Pistachio Cream
Indulge in the luxurious taste of pistachio cream, a versatile treat that elevates any dessert. Whether used as a filling, a topping, or a spread, its nutty flavor and creamy texture will leave you craving more. This easy recipe will guide you through making your own pistachio cream, so you can impress your friends and family with this gourmet delight. Get ready for a delightful culinary adventure!
Ingredients
– 200g pistachios (unsalted, shelled)
– 150g powdered sugar
– 100ml heavy cream
– 50g butter, softened
– 1 tsp vanilla extract
– Pinch of salt

Servings and Cooking Time
This recipe makes approximately 4 servings. Preparation time is about 15 minutes, and cooking time is not required since it’s a no-cook recipe.
Nutritional Value
Each serving (approximately 50g) of pistachio cream contains around 250 calories, 20g of fat, 10g of carbohydrates, and 5g of protein. This value is based on one person’s serving.
Step-by-Step Cooking Process
1. Start by blanching the pistachios in hot water for 2 minutes, then drain and cool.
2. Remove the skins from the pistachios by rubbing them with a kitchen towel.
3. Place the peeled pistachios in a food processor.
4. Pulse the pistachios until they form a smooth paste.
5. Add the powdered sugar and continue blending until well combined.
6. Gradually add the softened butter and blend until creamy.
7. Pour in the heavy cream and blend until the mixture is smooth and fluffy.
8. Add the vanilla extract and a pinch of salt, mixing until fully incorporated.
9. Taste and adjust sweetness if necessary by adding more powdered sugar.
10. Transfer the pistachio cream to an airtight container and refrigerate for at least an hour before serving.

Alternative Ingredients
If you want a lighter version, you can substitute heavy cream with coconut cream. For a sweeter taste, consider using honey or maple syrup instead of powdered sugar.
Serving and Pairings
Pistachio cream pairs beautifully with cakes, pastries, pancakes, or simply as a spread on toast. It also enhances ice creams and can be enjoyed with fresh fruits like strawberries or bananas.
Storage and Reheating
Store pistachio cream in an airtight container in the refrigerator for up to one week. It does not freeze well due to the cream, but can be gently reheated in a microwave or served cold.
Cooking Mistakes
- Using unsalted pistachios can lead to a lack of flavor.
- Not blanching the pistachios may result in bitterness.
- Overblending can make the cream too runny.
- Forgetting to add a pinch of salt can dull the flavor.
- Not adjusting sweetness can lead to an overly sweet or bland cream.
Helpful Tips
- Use high-quality pistachios for the best flavor.
- Chill the cream before serving for a firmer texture.
- Experiment with spices like cardamom for a unique twist.
- Pair with dark chocolate for a delicious contrast.

FAQs
Can I use roasted pistachios for the cream?
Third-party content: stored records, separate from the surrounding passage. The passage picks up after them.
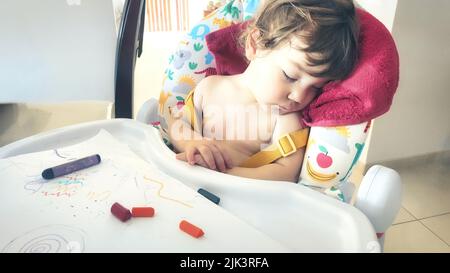 Un bambino piccolo ragazzo bambino addormentato nel suo seggiolone dopo aver giocato con pastelli colorati Foto Stock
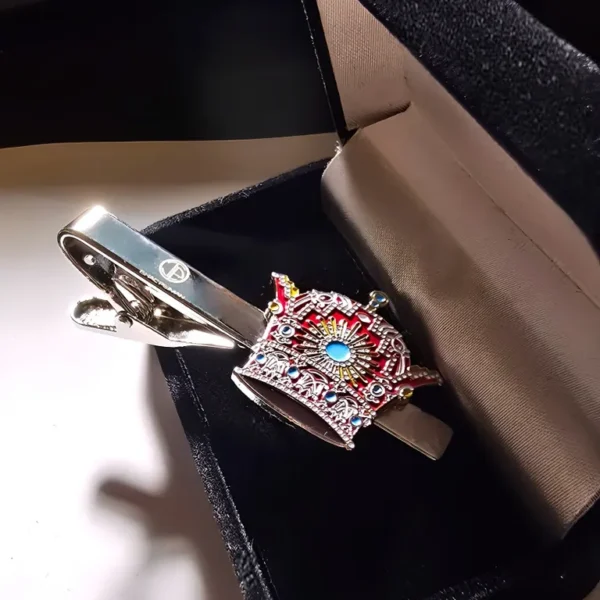 A silver tie clip with a crown on it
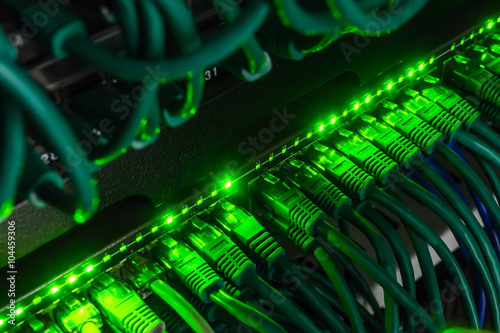 Close up of green network cables connected to switch glowing in the dark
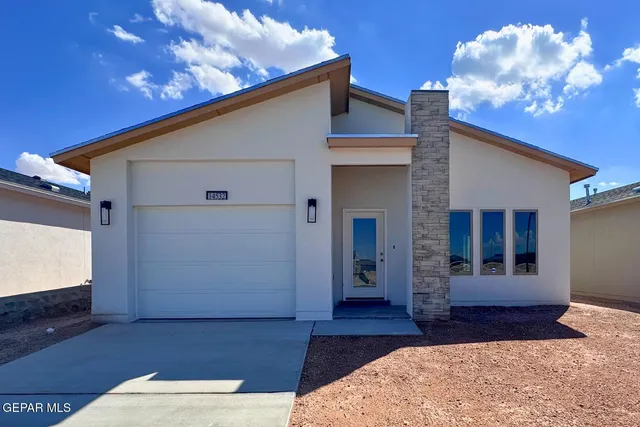 a house view with a outdoor space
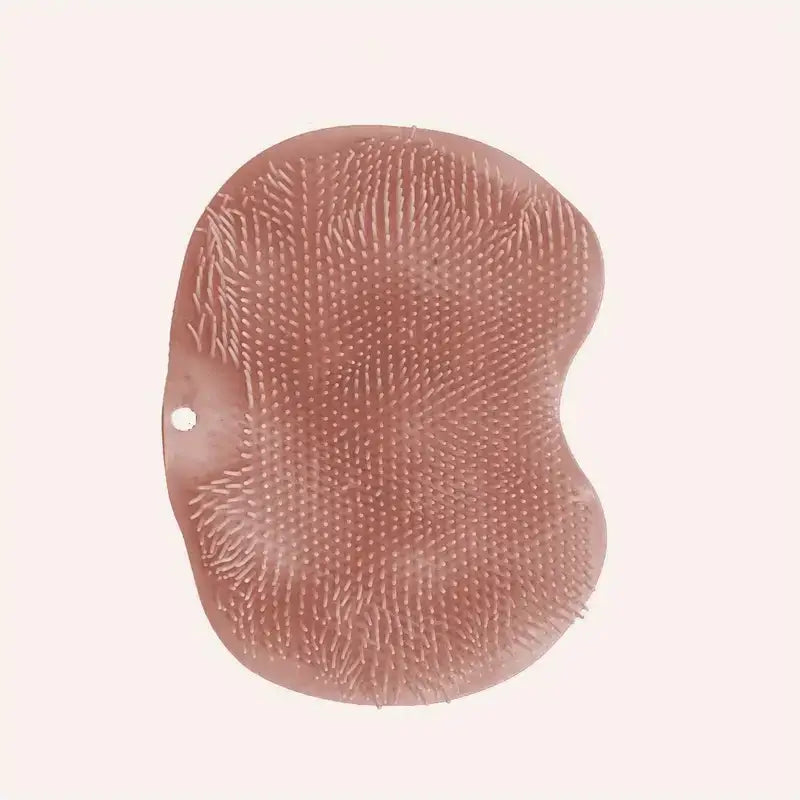 A soft, rose-gold silicone bath brush with a textured surface of fine bristles.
Yes, roasted pistachios can be used, but they will give a different flavor profile. Make sure they are unsalted.
How long can I store pistachio cream?
Pistachio cream can be stored in the refrigerator for up to one week in an airtight container.
Can I make pistachio cream vegan?
Yes, substitute the heavy cream and butter with coconut cream and vegan butter for a delicious vegan version.
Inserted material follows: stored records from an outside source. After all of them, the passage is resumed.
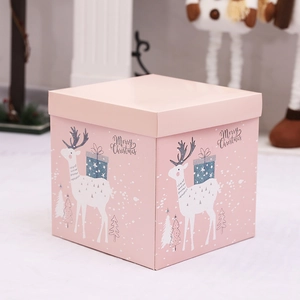 Pink Christmas gift box with reindeer and Merry Christmas print for festive decoration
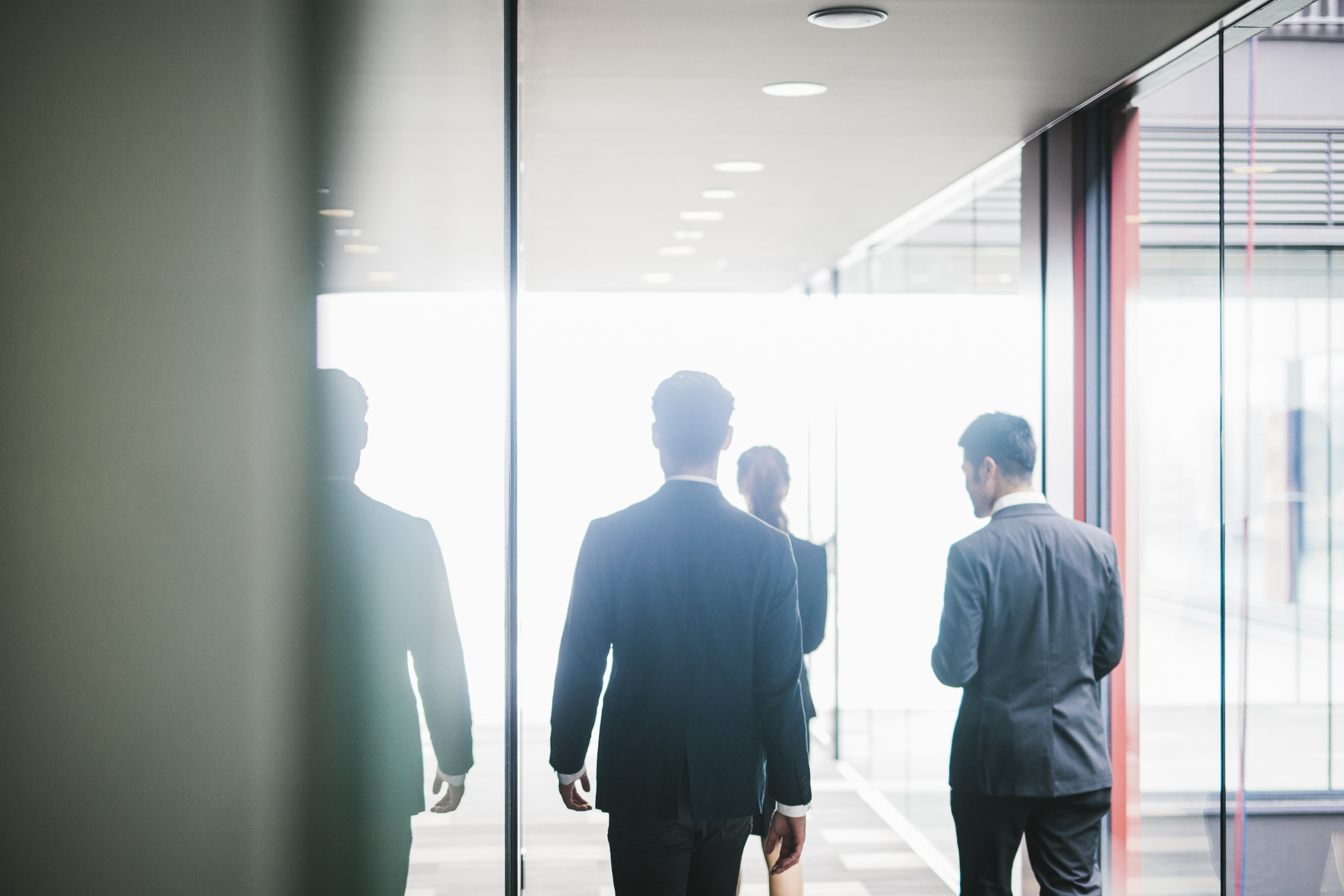 Men with their backs turned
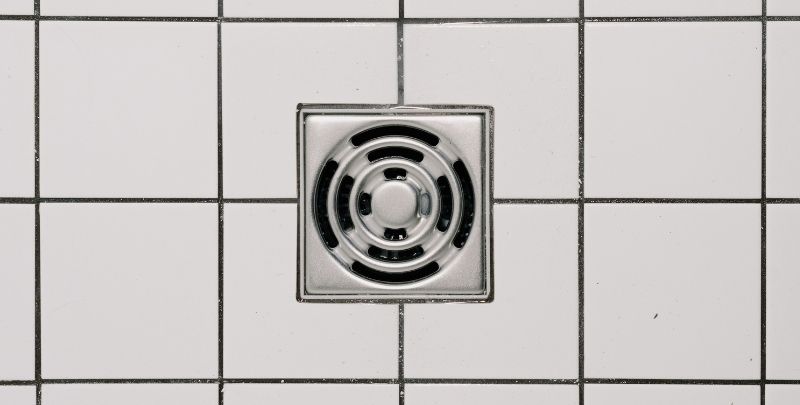 bathroom drain on white tiled floor
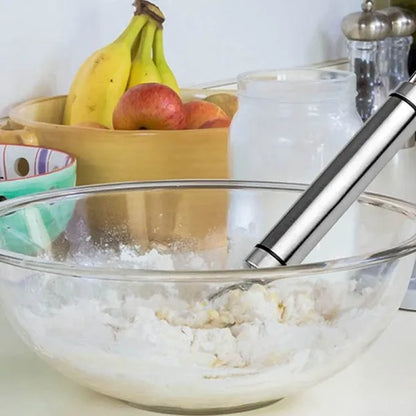 Glass bowl with ice cream, bananas, and apples on a kitchen counter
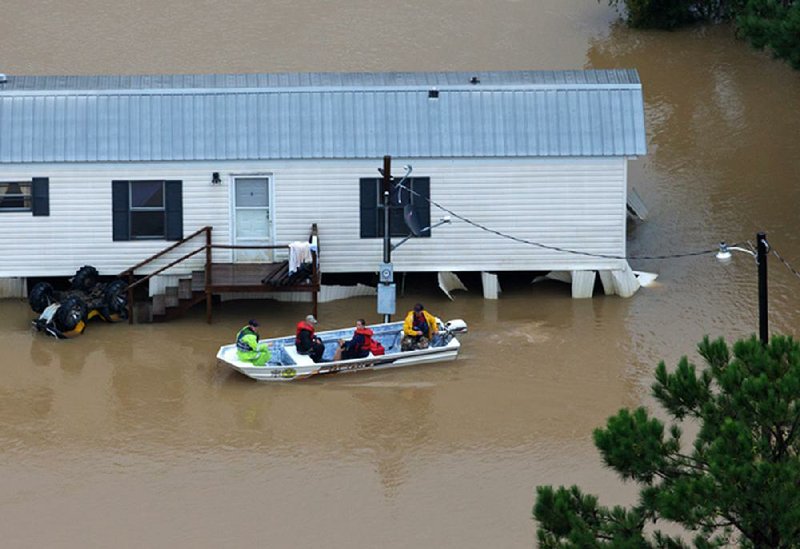 Rescuers ferry people from their home Saturday near the flooded Tangipahoa River in southeastern Louisiana. “This is an ongoing event. We’re still in response mode,” Gov. John Bel Edwards said.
What desserts can I use pistachio cream in?
Pistachio cream is great in cakes, pastries, tarts, and even as a filling for chocolates.
Is pistachio cream healthy?
Pistachio cream is high in healthy fats and protein, but it should be consumed in moderation due to its calorie content.
Conclusion
Pistachio cream is a delightful addition to your culinary repertoire, offering a rich, nutty flavor that enhances various dishes. With simple ingredients and an easy preparation process, you can create this creamy indulgence at home. Enjoy experimenting with it in your desserts and savor the luxurious taste it brings!

Pistachio Cream
Ingredients
- 200 g pistachios unsalted, shelled
- 150 g powdered sugar
- 100 ml heavy cream
- 50 g butter softened
- 1 tsp vanilla extract
- Pinch of salt
Instructions
- Blanch the pistachios in hot water for 2 minutes, then drain and cool.
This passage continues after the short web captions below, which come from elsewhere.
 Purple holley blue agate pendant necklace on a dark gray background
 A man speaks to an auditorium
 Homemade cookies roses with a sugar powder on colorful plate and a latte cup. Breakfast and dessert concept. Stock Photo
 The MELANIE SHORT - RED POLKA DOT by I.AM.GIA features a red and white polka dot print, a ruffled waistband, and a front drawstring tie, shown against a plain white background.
- Remove the skins from the pistachios by rubbing them with a kitchen towel.
- Place the peeled pistachios in a food processor and pulse until they form a smooth paste.
- Add the powdered sugar and blend until well combined.
- Gradually add the softened butter and blend until creamy.
- Pour in the heavy cream and blend until smooth and fluffy.
- Add the vanilla extract and a pinch of salt, mixing until fully incorporated.
- Taste and adjust sweetness if necessary by adding more powdered sugar.
- Transfer the pistachio cream to an airtight container and refrigerate for at least an hour before serving.